## Crawled caption data
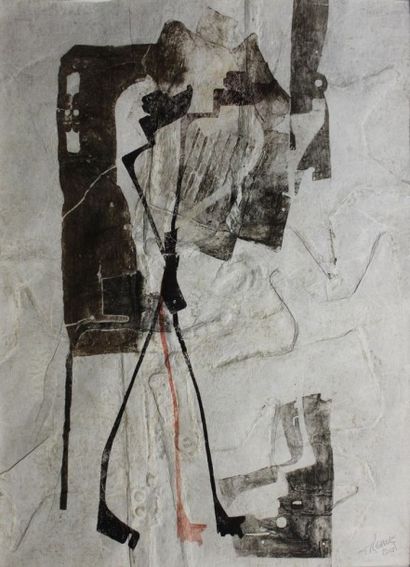 Gérard RENVEZ (né en 1946). Composition abstraite,...
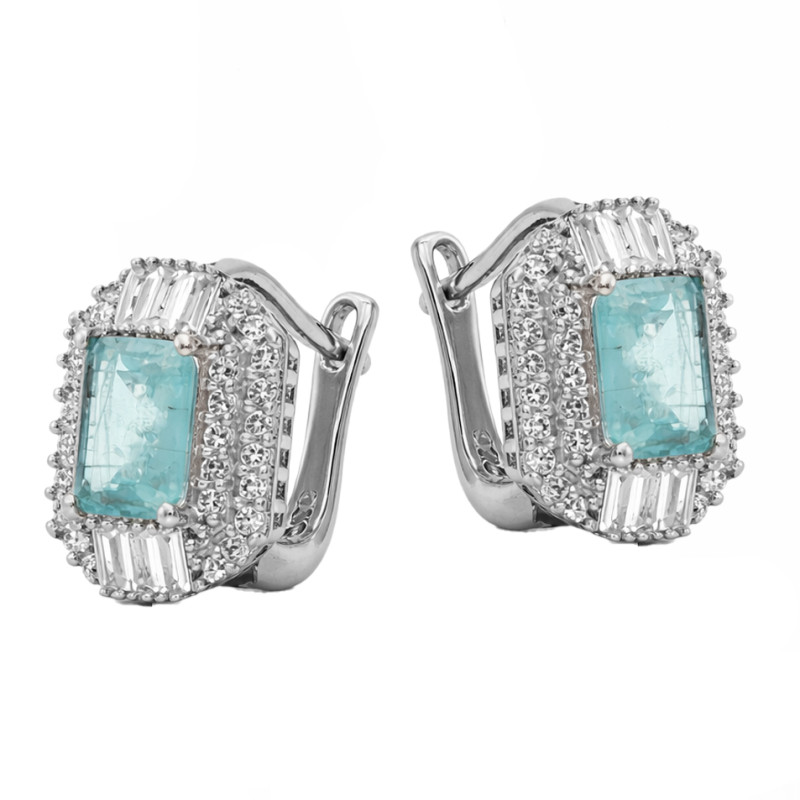 Komplet srebrnej biżuterii kolczyki i wisiorek z cyrkoniami białymi i błękitnymi próba 925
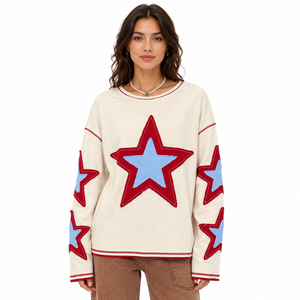 Star Applique Women Sweatshirts Oversized Exposed Back Seam Streetwear Pullover Premium Cotton Hoodies Manufacturer - Product Image 1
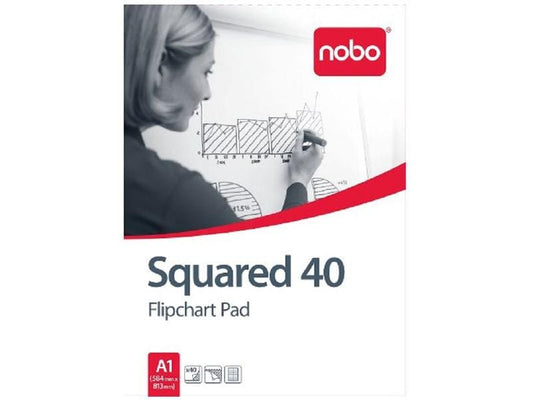 Nobo Tableau à feuilles Bloc 40 feuilles, quadrillé, 58 x 81 cm Blanc 1 Pièce/s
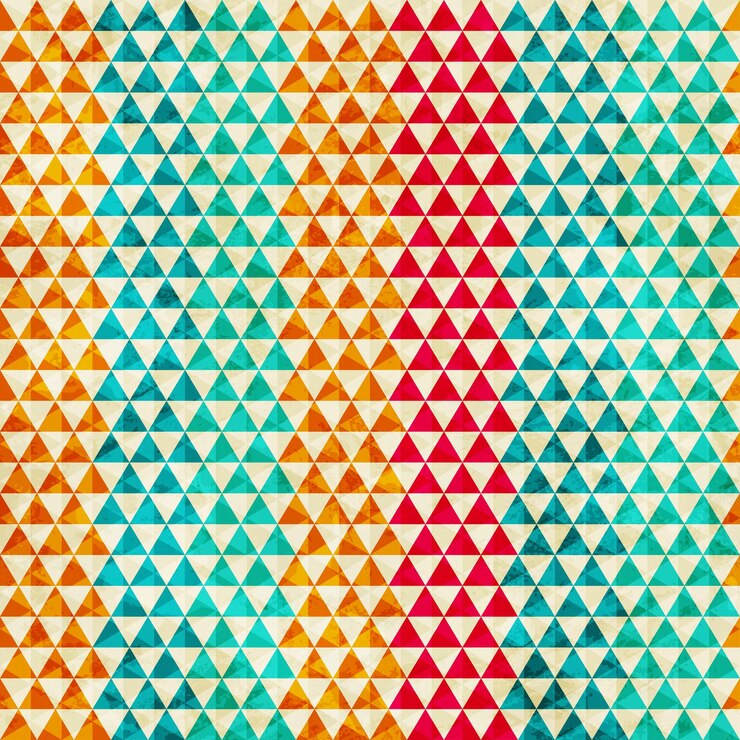 Vector colored triangle seamless pattern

## How to complete this task
Write out all the entries word for word, but skip any images.

## Your solution
 Gérard RENVEZ (né en 1946). Composition abstraite,...
 Komplet srebrnej biżuterii kolczyki i wisiorek z cyrkoniami białymi i błękitnymi próba 925
 Star Applique Women Sweatshirts Oversized Exposed Back Seam Streetwear Pullover Premium Cotton Hoodies Manufacturer - Product Image 1
 Nobo Tableau à feuilles Bloc 40 feuilles, quadrillé, 58 x 81 cm Blanc 1 Pièce/s
 Vector colored triangle seamless pattern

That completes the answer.